По поводу веры в Бога. У нас был механик, пожилой еврей, лет сорока пяти. Я увидел у него молитвенник. Даже улыбнулся, у моего отца был такой же. Отец воевал тогда связистом в артполку. Через какое-то время, у нас погиб комэск из 44-го полка, мой соплеменник. Мне всегда казалось, что он перед каждым взлетом шепчет слова молитвы, но напрямую его не спрашивал, что к человеку с глупыми вопросами лезть. Его раненый штурман, уже убитого, в кабине самолета привез. Я до сих пор не могу объяснить себе, откуда у меня, коммуниста-фанатика и атеиста, возникло желание отдать почести погибшему согласно национальному еврейскому религиозному обряду.

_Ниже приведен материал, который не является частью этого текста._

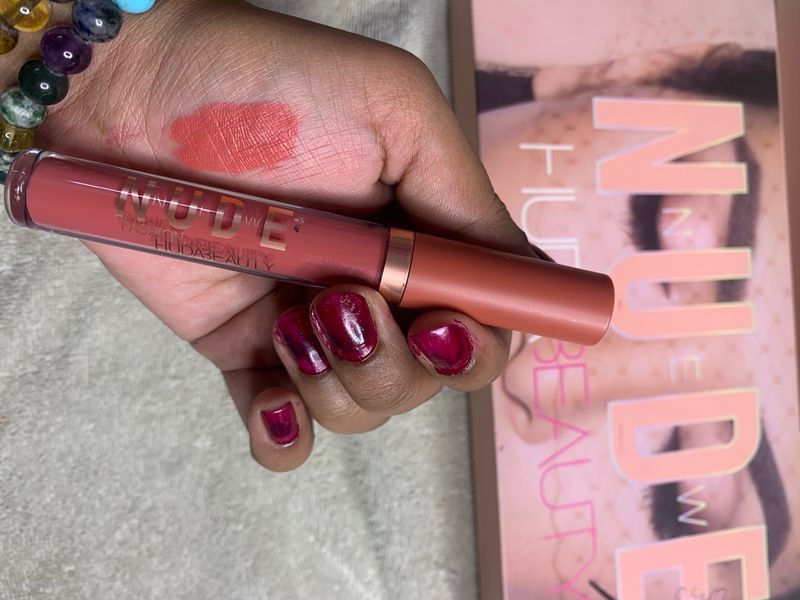 Peach Brown Huda Nude Lipgloss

Пошел поговорил с летчиками-евреями, все согласились принять участие. По обычаю требуется десять мужчин для участия в чтении поминальной молитвы. От моего полка со мной пошли летчик Толчинский, штурман Лисянский, инженер Кильшток, два технаря, и с 44-го полка было два летчика и два механика. Прогремел салют над могилой, все летчики двух полков простились с комэском и пошли в расположение части. Мы, десять человек, с покрытыми пилотками головами, остались рядом с могилой. Вышел к могиле пожилой механик с молитвенником, прочел молитву… Вот так схоронили боевого товарища… Никаких репрессий за «выражение религиозных национальных чувств» не последовало, хотя все видели, что мы делаем, и понимали смысл подобного поступка. Даже Меняев, уж на что антисемит был, и тот промолчал…

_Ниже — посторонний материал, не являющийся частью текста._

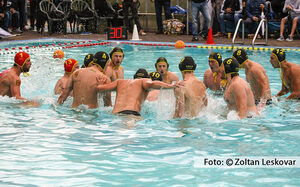 Wasserballteam bespricht seine Taktik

Но почему я тогда вспомнил о Боге? Не знаю…
— Особисты в авиации. Что это была за публика? Преследовались ли ими летчики, побывавшие в плену или в долгом окружении? Как относились к ним в авиаполках? Я знаю, что вы товарищей-«чекистов» люто не любите, они вас при Брежневе 15 лет подряд «прессовали», но сломить не смогли. И тем не менее объективно, если можно, по этому вопросу.

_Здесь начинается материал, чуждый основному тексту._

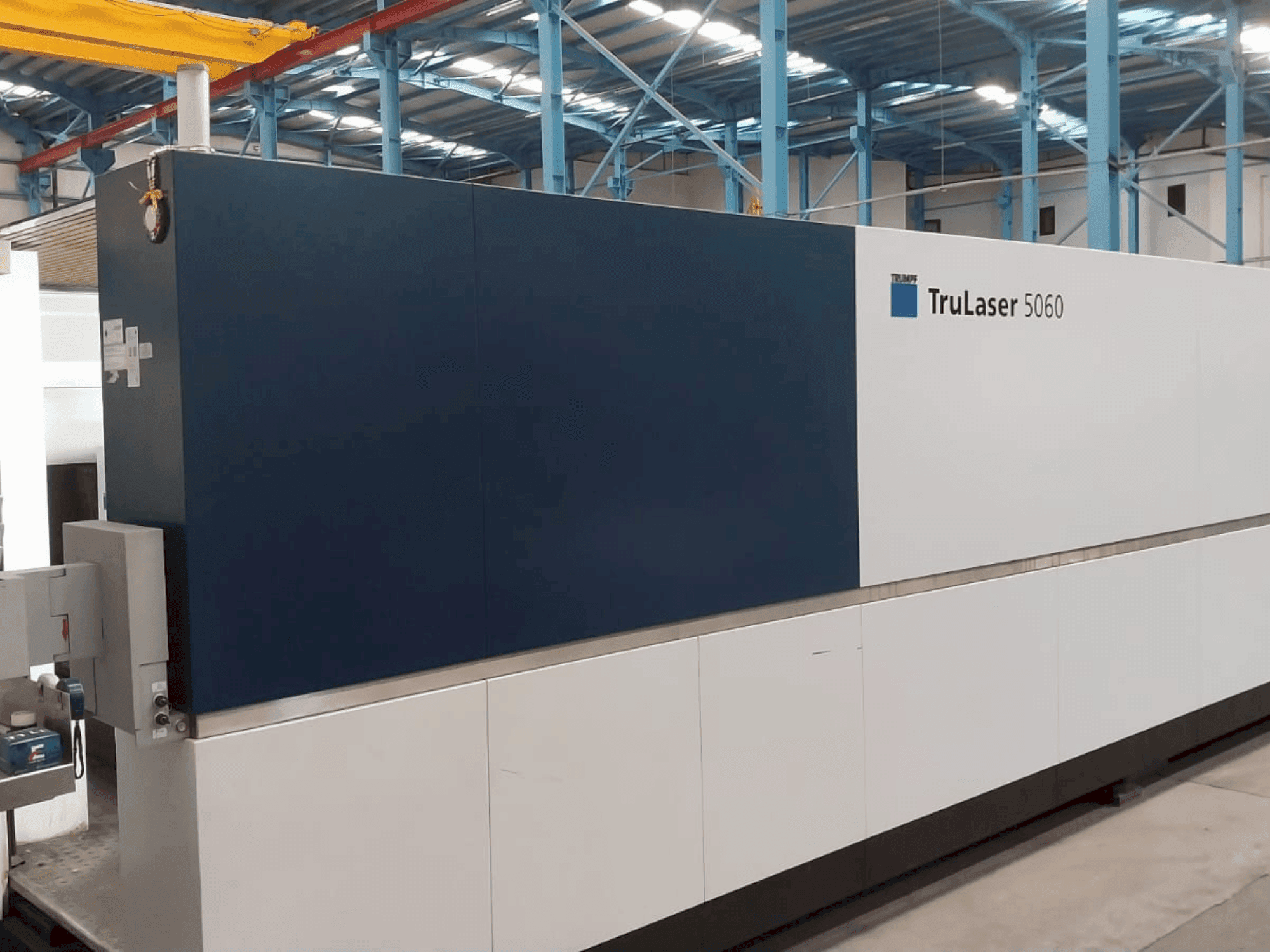 Widok z przodu maszyny TRUMPF TruLaser 5060 Fiber 10 kW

— Менее или более ответ однозначный. Никто их в авиации не уважал. Боялись их почти все, но за людей их не держали. Эти люди, облеченные большой, не по праву им данной властью, были просто бездельниками и сволочами, сачковавшими от передовой. Я думаю, многие фронтовики со мной согласятся. Что делает особист в авиации? Ничего! В пехоте или во фронтовом тылу у них были, возможно, важные функции, но в авиации? Перелеты к врагу предотвращать? Так у нас, если бы кто хотел к немцам уйти, мог это легко и очень просто сделать. Вылеты ночные, одиночные, садись в немецком расположении и сдавайся. Только я ни одного подобного случая измены в нашей дивизии не помню. Наоборот, люди полка, севшие на вынужденной в немецком тылу или сбитые на немецкой территории, отстреливались до последнего патрона, оставляя его для себя, но в плен не сдавались. У нас почти все летчики полка имели гранату-«лимонку», чтобы себя подорвать при угрозе пленения. Я серьезно, такой был «обычай» у многих, держать гранату при себе на этот случай.